• Data in this exercise
^^^^
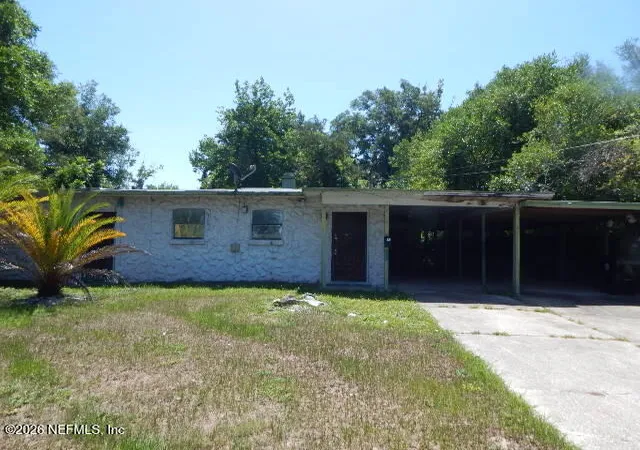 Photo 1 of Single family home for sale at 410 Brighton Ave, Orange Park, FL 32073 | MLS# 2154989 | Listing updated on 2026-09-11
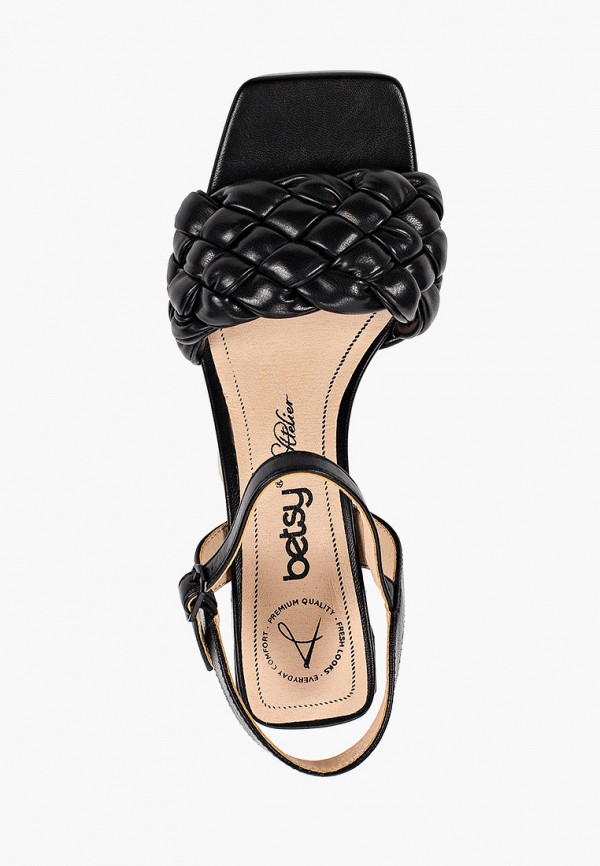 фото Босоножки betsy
^^^^
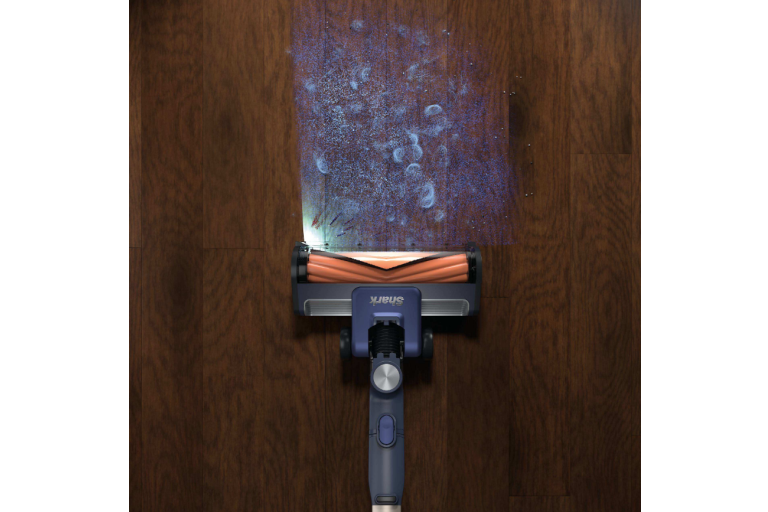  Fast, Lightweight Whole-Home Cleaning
^^^^
• Problem to work on
Nothing but the lines above, starting at the line that contains "Photo 1 of Single" and ending at the line that contains "фото Босоножки betsy", should be given again, exactly and without the pictures.

• Result
 Photo 1 of Single family home for sale at 410 Brighton Ave, Orange Park, FL 32073 | MLS# 2154989 | Listing updated on 2026-09-11
 фото Босоножки betsy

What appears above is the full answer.